Mobile Menu - OpenMobile Menu - Closed


Responsibly Preserving Mandatory Programs

October 26, 2018
Weekly Columns

Following the recently ended fiscal year, it was reported that the federal government’s budget deficit increased significantly compared to the previous year. While this is certainly discouraging news, the existence of a deficit is not surprising or unusual. Critics are of course quick to blame the implementation of tax reform as the chief contributor to the recent deficit. However, the reality is that another factor has for years been driving deficits and as a result, adding to the national debt.

To provide some context, federal spending falls into a couple general categories: discretionary and mandatory. During the annual budget and appropriations process, lawmakers address only the discretionary side of the budget. Mandatory spending, on the other hand, is essentially left as is unless lawmakers offer solutions for reform to various programs.
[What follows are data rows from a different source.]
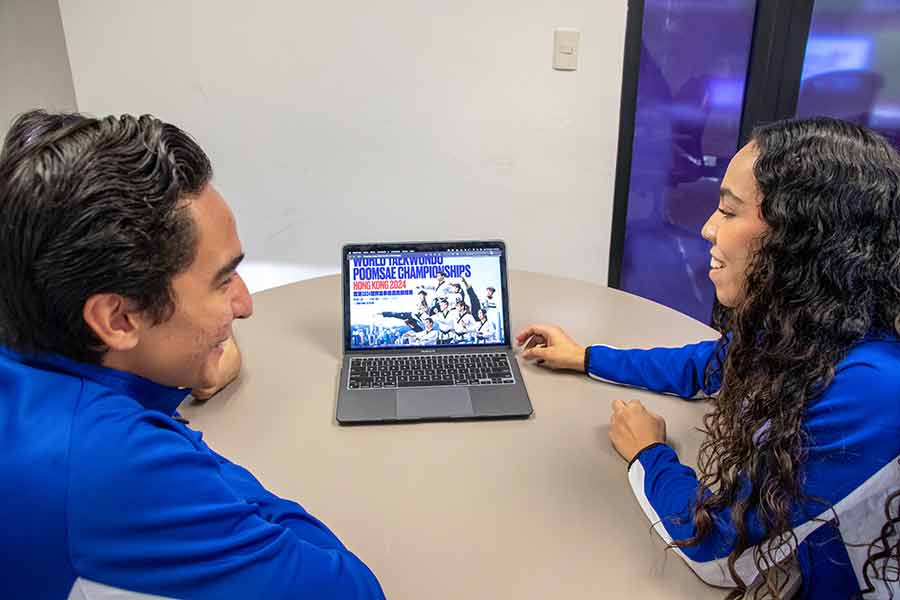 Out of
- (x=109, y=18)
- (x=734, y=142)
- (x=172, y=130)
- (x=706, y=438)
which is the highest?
(x=109, y=18)

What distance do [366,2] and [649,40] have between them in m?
1.04

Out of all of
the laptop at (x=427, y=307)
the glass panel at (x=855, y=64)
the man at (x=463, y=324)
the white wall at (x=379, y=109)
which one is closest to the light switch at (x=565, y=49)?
the white wall at (x=379, y=109)

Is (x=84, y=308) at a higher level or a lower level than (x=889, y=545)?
higher

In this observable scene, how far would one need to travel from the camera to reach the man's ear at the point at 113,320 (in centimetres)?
66

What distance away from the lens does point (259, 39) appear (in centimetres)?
230

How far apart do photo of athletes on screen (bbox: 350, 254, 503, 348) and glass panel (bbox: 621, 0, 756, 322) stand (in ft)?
5.01

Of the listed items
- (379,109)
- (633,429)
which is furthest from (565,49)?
(633,429)

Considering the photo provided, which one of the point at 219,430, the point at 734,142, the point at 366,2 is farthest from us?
the point at 734,142

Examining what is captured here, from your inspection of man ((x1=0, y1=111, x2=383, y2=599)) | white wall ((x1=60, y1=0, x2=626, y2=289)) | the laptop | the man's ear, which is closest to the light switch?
white wall ((x1=60, y1=0, x2=626, y2=289))

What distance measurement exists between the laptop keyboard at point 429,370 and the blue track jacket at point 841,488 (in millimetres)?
447

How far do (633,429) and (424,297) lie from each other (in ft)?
1.57

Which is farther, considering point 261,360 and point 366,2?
point 366,2

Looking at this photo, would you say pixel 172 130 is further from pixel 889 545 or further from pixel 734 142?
pixel 734 142

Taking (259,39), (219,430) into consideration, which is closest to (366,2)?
(259,39)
The problem is that the mandatory side of the budget – including interest on the national debt – is by far the largest category and rapidly growing. According to the Congressional Budget Office (CBO), mandatory represented 34 percent of all government spending in 1965; today, that figure has risen dramatically to reflect more than two-thirds of all spending in 2018. By 2028, mandatory is on track to cover at least 77 percent of all spending.

Mandatory is mostly comprised of safety net programs like Social Security, Medicare and Medicaid. These programs, which serve many vulnerable Americans, are structured in a way that requires the government to automatically pay out benefits to those eligible and enrolled.

Despite claims to the contrary, Republican lawmakers are not pushing to eliminate mandatory programs or to senselessly cut the benefits promised to program participants. But if nothing is done at all to preserve the long-term existence of benefits, lawmakers recognize a nearing and far worse reality.

Without thoughtful reform, mandatory programs will eventually fail to deliver. In fact, CBO projected that the federal trust funds connected to Medicare and Social Security are quickly nearing insolvency. On the current path, Social Security as a whole is expected to become insolvent by 2030 – with the Social Security Disability Insurance Trust Fund unable to pay out full benefits as early as 2025. Medicare also faces an indefinite future; CBO recently projected that the Hospital Insurance Trust Fund could be insolvent by 2026.

In response to these warning signs, Republican lawmakers have consistently and responsibly responded with solutions to save and sustain the programs. For example, the House Budget Committee on which I sit this summer advanced a budget which calls for lawmakers to find at least $302 billion in deficit reduction over the next 10 years.

It is important to mention that solutions are not limited to the Republican side of the aisle. Along with my Democrat House colleague John Delaney, I was proud to again introduce legislation this Congress that calls for a bicameral and bipartisan commission to discuss and propose solutions for long-term Social Security solvency.

As has been the trend for years, the unchecked growth of mandatory spending is still the single greatest contributor to annual deficits and the rising national debt. While I remain supportive of responsibly stewarding taxpayer dollars on the discretionary side of the budget, mandatory reform is needed and necessary to ensure lasting prosperity for generations of Americans to come.